El Abuna Rewis se pone ahora de frente para iniciar el largo rito de la comunión. Primero con pan, luego con el vino que bebe de una cuchara pequeña. Comulgan todos, hasta los niños de pecho. Las mujeres, cubiertas con un pañuelo blanco en la cabeza, lo hacen delante del cancel, los hombres dentro. Se reparte el pan bendito y luego, en el mismo local, se disfruta de una comida fraterna. Un grupo de mujeres se afana en la cocina y sobre dos mesas de formica van apareciendo bocadillos de mortadela, dulces industriales con mucho chocolate y ensalada de tomate.
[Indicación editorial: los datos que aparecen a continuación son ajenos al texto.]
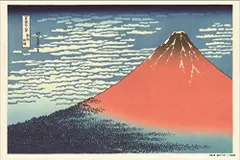 「芽吹き」箕輪芳ニ1000ピース　ジグソーパズル　富士山シリーズ 2025年最新】ジグソーパズル 1000ピース 富士山の人気アイテム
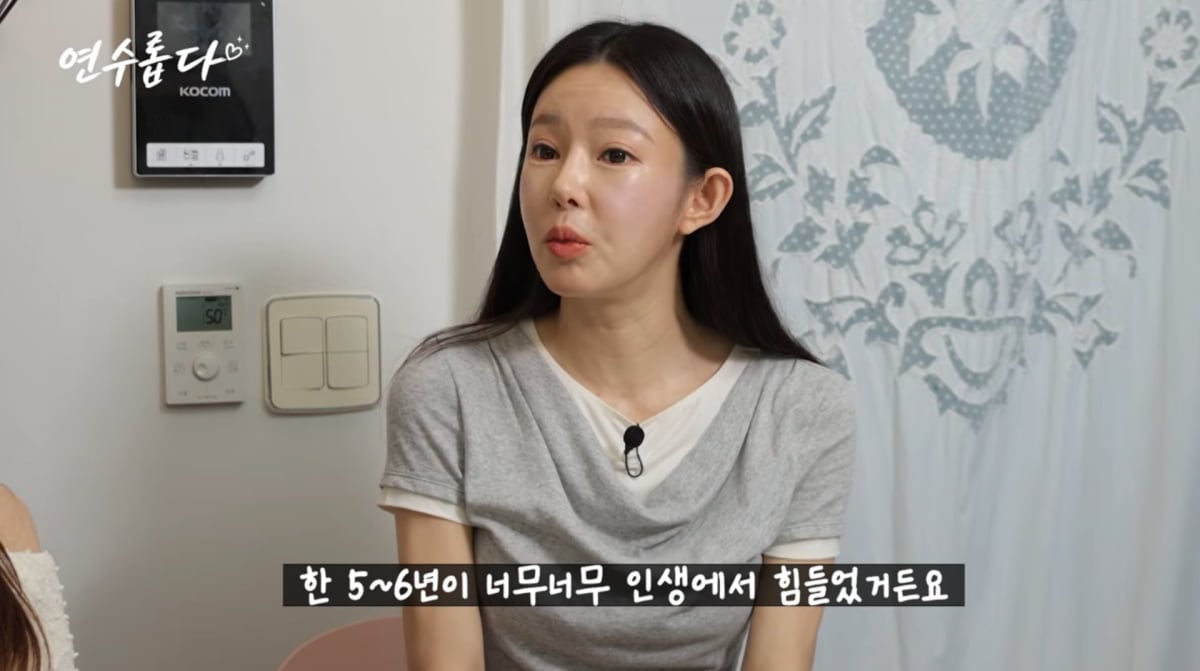 사진=지연수 유튜브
Luego llegarán las naranjas y el té verde. El almuerzo no tiene nada de ritual, muchos de los fieles sobreviven con los cuatrocientos euros de ayuda extraordinaria una vez que se ha agotado el subsidio de desempleo y con algunos trabajos ocasionales. No conviene desaprovechar una comida gratis. La iglesia es algo más que un lugar de culto, es el sitio al cual acudir para encontrar trabajo, para ser acogido cuando no se tiene techo, para aprender la tradición que se hereda de padres a hijos.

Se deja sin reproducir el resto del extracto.